State lawmakers have two scheduled work days for the rest of the year so it's nice to see they're tackling the big issues – like making sure you can have a morning cocktail during Sunday brunch.
In a move that's sure to be applauded by sports bar denizens and people feeling some Sunday morning pain, the legislature announced a deal that will allow New Yorkers to order a Sunday drink starting at 10 a.m. – instead of noon -- at city bars and restaurants.
While it's nice to see that the state's archaic Blue Laws are finally being put to rest, um, ethics reform anyone? If there ever was a cry for action, lawmakers should have heard it when the leaders of the State Senate and the Assembly were arrested, tried, and convicted on political corruption charges.
But how much change can you realistically expect to see in Albany when the current leaders of the legislature are cut from the same end of the melon as their predecessors? Assembly Speaker Carl Heastie and Senate Majority Leader John Flanagan haven't exactly been storming the castle throughout their legislative careers.
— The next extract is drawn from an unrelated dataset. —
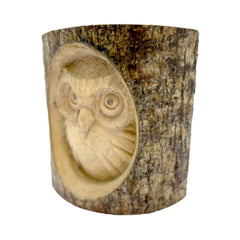 Timber-Treasures Owl in Log Carving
And transparency? Neither one of them has agreed to be interviewed on "Inside City Hall" since assuming power more than a year ago.
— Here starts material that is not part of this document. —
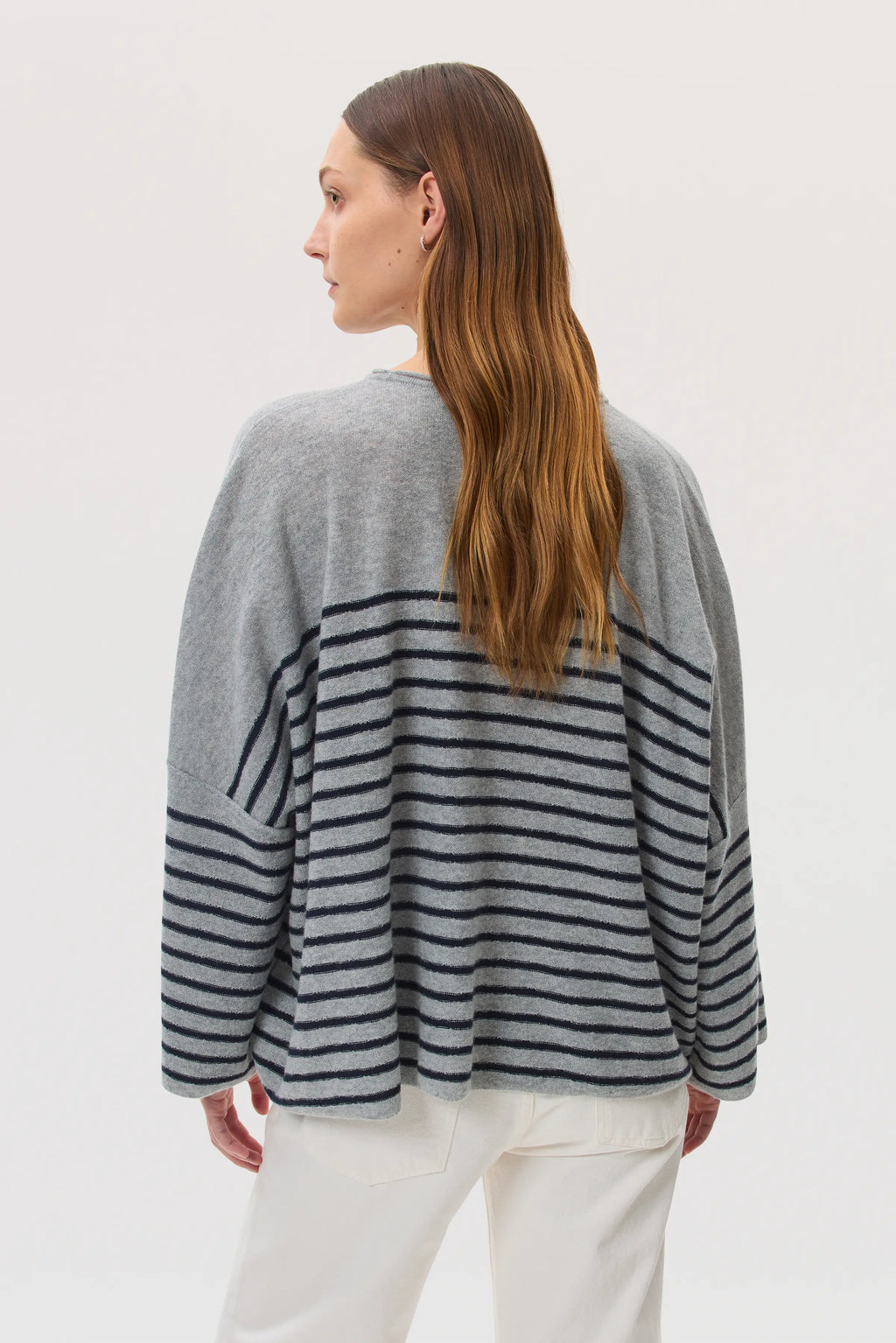 Relaxed Featherlight Cashmere Stripe Jumper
While it may be too much to expect an ethics bill to be passed by lawmakers, it would be nice for Flanagan and his fellow Republicans to put their ideological money where their mouth is and allow New York City to run its own school system rather than be at the mercy of "big government" in Albany.
You can love Schools Chancellor Carmen Farina or hate her, but it's hard to argue that city schoolchildren would be better off in the hands of 32 politically-controlled school boards. Heastie's Assembly has signed off on a three-year extension of mayoral control of city schools and it would be sensible for Flanagan to follow suit rather than engage in a petty game of political payback with Mayor de Blasio.
Hopefully, we'll have something to toast along with that Bloody Mary this Sunday morning. I'll even buy the mixers.